Overall, non-timber crops, small-holder farming, livestock ranching and farming, logging and wood harvesting are the main causes of the ongoing destruction of Turner's eremomela's habitat. This restricts even more the already very small and patchy range of the species.

=== Conservation measures ===
A few conservation measures are in place to help Turner's eremomela and other threatened birds in these areas. The measures, of course, are focused on the habitat, the forests they inhabit. The northern part of Kakamega forest was designated as a national reserve. This makes it better protected and completely bans logging activities. Educating the local population on the importance of conservation work is crucial to ensure these efforts will be carried on by future generations. Thus, a small group of local guides have started educational programs around Kakamega and are working towards replicating them around Nandi forest.
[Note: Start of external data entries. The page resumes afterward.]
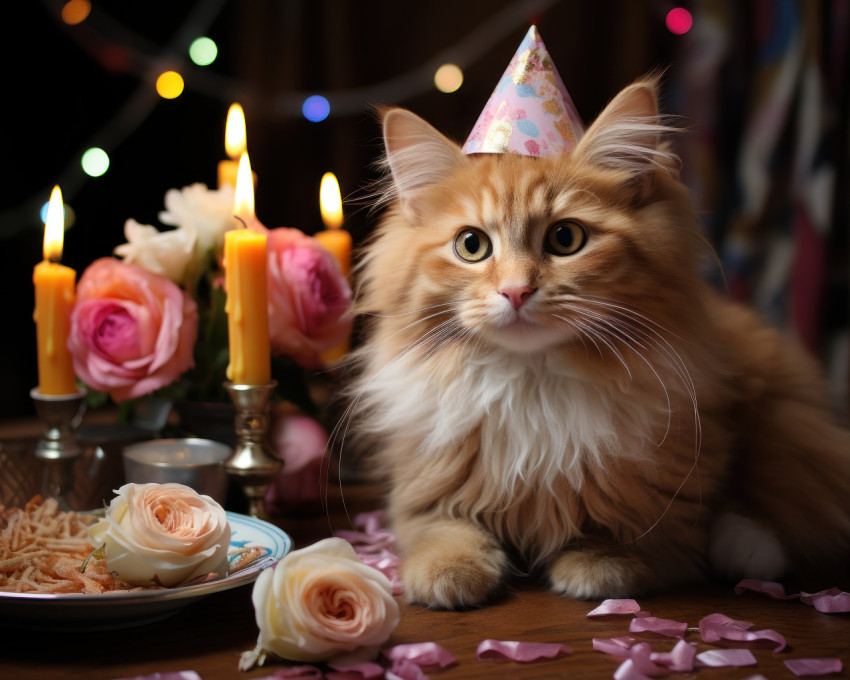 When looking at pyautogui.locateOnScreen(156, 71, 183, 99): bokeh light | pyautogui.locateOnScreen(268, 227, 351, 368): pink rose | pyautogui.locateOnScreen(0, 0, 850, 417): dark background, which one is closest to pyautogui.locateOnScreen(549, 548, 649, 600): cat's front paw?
pyautogui.locateOnScreen(268, 227, 351, 368): pink rose

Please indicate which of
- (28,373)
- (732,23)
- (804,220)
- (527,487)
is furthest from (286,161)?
(527,487)

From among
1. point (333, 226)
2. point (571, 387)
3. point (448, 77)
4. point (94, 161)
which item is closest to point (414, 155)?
point (571, 387)

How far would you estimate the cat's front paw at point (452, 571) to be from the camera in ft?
3.02

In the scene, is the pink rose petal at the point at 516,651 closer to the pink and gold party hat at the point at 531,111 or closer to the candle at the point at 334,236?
the pink and gold party hat at the point at 531,111

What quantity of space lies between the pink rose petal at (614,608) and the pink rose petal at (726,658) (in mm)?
121

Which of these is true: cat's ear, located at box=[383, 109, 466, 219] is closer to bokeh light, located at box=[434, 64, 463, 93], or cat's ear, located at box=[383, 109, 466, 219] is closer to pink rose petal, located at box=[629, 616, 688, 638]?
pink rose petal, located at box=[629, 616, 688, 638]

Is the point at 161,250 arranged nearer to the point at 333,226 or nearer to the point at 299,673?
the point at 333,226

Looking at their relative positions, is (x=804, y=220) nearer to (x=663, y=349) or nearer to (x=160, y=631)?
(x=663, y=349)

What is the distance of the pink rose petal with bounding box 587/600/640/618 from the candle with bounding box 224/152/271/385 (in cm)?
55

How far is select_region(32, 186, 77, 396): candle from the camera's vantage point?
3.92 ft

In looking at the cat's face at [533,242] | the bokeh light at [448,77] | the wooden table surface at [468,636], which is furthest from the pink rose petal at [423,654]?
the bokeh light at [448,77]

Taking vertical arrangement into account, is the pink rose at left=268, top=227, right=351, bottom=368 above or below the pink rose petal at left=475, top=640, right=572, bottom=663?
above

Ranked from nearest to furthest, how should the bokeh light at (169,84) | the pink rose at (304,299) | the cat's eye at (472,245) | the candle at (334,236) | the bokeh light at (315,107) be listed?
the cat's eye at (472,245)
the pink rose at (304,299)
the candle at (334,236)
the bokeh light at (169,84)
the bokeh light at (315,107)

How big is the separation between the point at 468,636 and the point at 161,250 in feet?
2.71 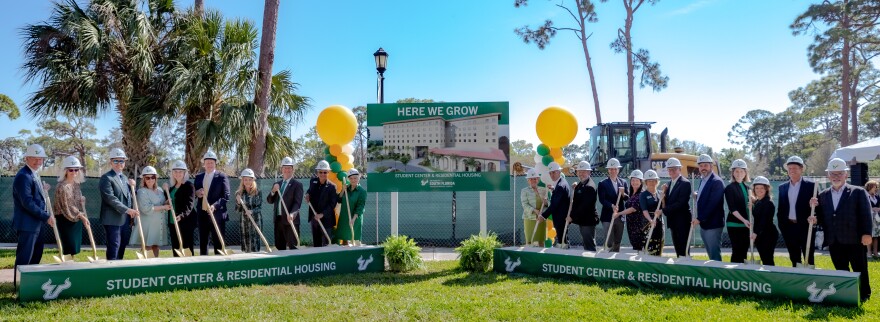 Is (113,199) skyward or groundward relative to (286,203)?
skyward

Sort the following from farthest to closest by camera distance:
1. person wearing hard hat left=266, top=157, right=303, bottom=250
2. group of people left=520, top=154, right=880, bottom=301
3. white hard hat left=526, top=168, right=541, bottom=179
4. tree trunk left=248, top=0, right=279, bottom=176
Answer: tree trunk left=248, top=0, right=279, bottom=176
white hard hat left=526, top=168, right=541, bottom=179
person wearing hard hat left=266, top=157, right=303, bottom=250
group of people left=520, top=154, right=880, bottom=301

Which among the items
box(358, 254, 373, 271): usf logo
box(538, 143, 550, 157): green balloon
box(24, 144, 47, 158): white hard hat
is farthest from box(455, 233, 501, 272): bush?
box(24, 144, 47, 158): white hard hat

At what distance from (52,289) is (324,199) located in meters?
3.53

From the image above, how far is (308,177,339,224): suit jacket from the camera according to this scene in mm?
8430

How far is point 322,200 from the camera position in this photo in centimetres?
845

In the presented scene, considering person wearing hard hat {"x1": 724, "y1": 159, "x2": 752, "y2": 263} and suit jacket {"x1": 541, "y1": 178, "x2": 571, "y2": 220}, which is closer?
person wearing hard hat {"x1": 724, "y1": 159, "x2": 752, "y2": 263}

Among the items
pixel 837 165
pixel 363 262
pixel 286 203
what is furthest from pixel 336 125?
pixel 837 165

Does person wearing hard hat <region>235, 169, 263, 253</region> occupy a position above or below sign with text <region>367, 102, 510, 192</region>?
below

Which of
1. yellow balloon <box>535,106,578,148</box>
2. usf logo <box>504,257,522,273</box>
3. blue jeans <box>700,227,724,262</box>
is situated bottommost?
usf logo <box>504,257,522,273</box>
Other actions have been proposed to the same ends. They include more thorough and large scale protection of the forest patches this species lives in. A better study of the species, from its life history and ecology to actual, precise status and distribution would help understand its needs and inform useful measures. Finally, efficiently enforcing the logging bans, especially on indigenous trees, present both and Kenya and Democratic Republic of Congo would be hugely beneficial to all remaining rainforest birds that need these pristine, undisturbed habitats.

However, it is important to remember that Turner's eremomela is very specialised and restricted in its habitat and diet. Therefore, simply having a contiguous, closed-canopy forest is not enough if it mostly composed of non-native trees. These will not support the desired prey items or provide suitable habitat. It is important to try to re-create its original habitat conditions as much as possible.